Глядя на эти чужие холодные звезды, я не знал, что мне теперь делать, — от этого зрелища на душе стало так больно, что хотелось умереть. Умереть, чтобы не ощущать этой боли. Смерти я обрадовался как спасению — не существовало такой силы, которая могла бы помешать исчезнуть человеку, если он этого по настоящему захочет. Вот, оказывается, единственное благо…

И вдруг кто-то легко тронул меня за плечо. Я поднял голову и близко увидел над собой лицо. И тотчас узнал его. Это была та женщина, которую я видел во время бомбежки в Армавире.

Показав жестом, чтобы я поднялся, она вдруг улыбнулась мне абсолютно так же, как и тогда: очень по-женски и чуть извиняюще. Что вот, мол, исчезают Земля, люди, вместо них появляются какие-то несуразные созвездия, а только все равно вся эта нелепость в конце концов не имеет никакого значения. Суть в ином. В том, что мы сейчас понимаем друг друга. И так будет всегда… правда же?..

И я кивнул ей.

Кивнул, пронзенный несоответствием ее лица, ее улыбки и всего того несчастья, что нас окружало. Женщина уходила от меня на костылях. Одна нога у нее была намного короче другой.

Меня так потрясло это, что я тотчас все придумал. Ясно, четко, во всех деталях я увидел перед собой чертеж своего аппарата…

Я проснулся. По-прежнему стояла ночь, в окно проникал слабый отсвет луны. Поднявшись, я зажег лампу и принялся шарить по комнате: мне нужна была новая лопата.

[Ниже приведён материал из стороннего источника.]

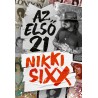 Az első 21 e-könyv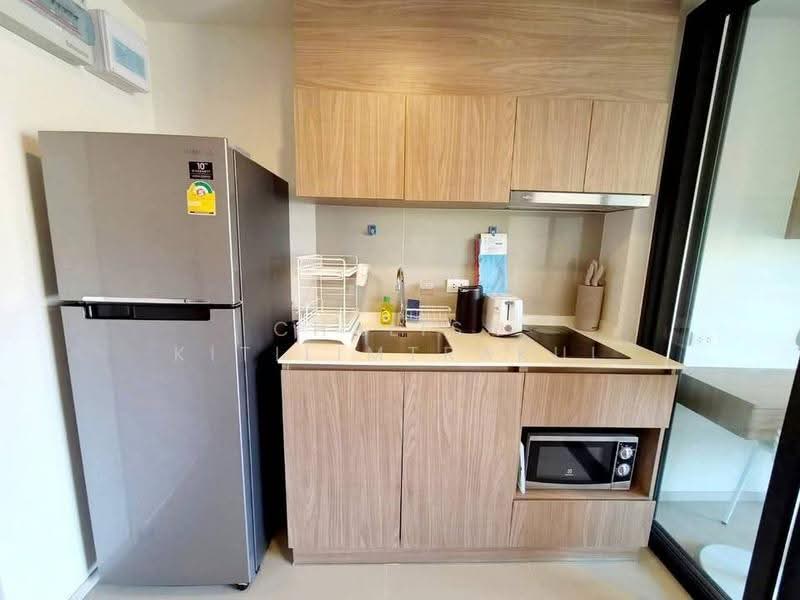 La Casita Hua Hin, Prachuap Khiri Khan, Hua Hin 94/2 Alley, Hua Hin, Prachuap Khiri Khan, Studio, 27 sqm, Condo For Rent, by Chalisa Kitilimtrakul, 500534546 - DDproperty.com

Вспомнив, что только вчера я в сарае дрелью расщепил последнюю, в одних трусах кинулся в коридор и громко постучался к своей хозяйке, тете Дусе.

Она перепуганно вскрикнула:

— Что?.. Что такое?

— Это я, тетя Дуся. Я, Степан. Мне очень нужна лопата.

— Какая лопата? Четвертый час ночи!

Я нетерпеливо ответил:

— Неважно! Я все придумал.

— Что?

— Со своим аппаратом!

— Бог ты мой, Я думала, ты спятил.

Сонная, она вышла в коридор, достала в сенях лопату. Я схватил ее, помчался в комнату. Тетя Дуся пришла следом, спросила:

— Что, прямо сейчас делать будешь?

Я кивнул ей.

Суть моего открытия заключалась в следующем: чтобы костные отломки держались относительно друг друга неподвижно, спицы необходимо было пропускать сквозь них не параллельно, а крест-накрест. И крепить их следовало не дугами, а кольцами. Только так аппарат превращался в единую, монолитную конструкцию.

Колец у меня не было. Я принялся мастерить их из дуг, скручивая гайками.

Наблюдая за мной, тетя Дуся усмехнулась:

— Что ж ты без штанов, озябнешь.

Когда я надел брюки, хозяйка стала мне помогать. Мы провозились с ней до утра. Тетя Дуся оказалась женщиной смекалистой — по ходу работы она дала мне кучу дельных советов.

Наконец аппарат был готов. Отломки в нем чуть-чуть шевелились, но это уже шло от несовершенства нашего доморощенного изготовления. Главное — идея приняла реальную и наглядную форму. Оставалась доработка отдельных деталей.

Тетя Дуся ушла спать.

Я сидел на полу, устало глядел на свое творение и удивлялся, сколь все-таки недолговечно человеческое счастье. Для меня оно длилось лишь то время, пока я с тетей Дусей собирал аппарат.

Сейчас я ощущал только неудовлетворенность. Я ясно видел будущее своего изобретения и всю перспективу его дальнейшего усовершенствования.

Лопата, распиленная, стиснутая со всех сторон железом, уже казалась мне чем-то давно пройденным.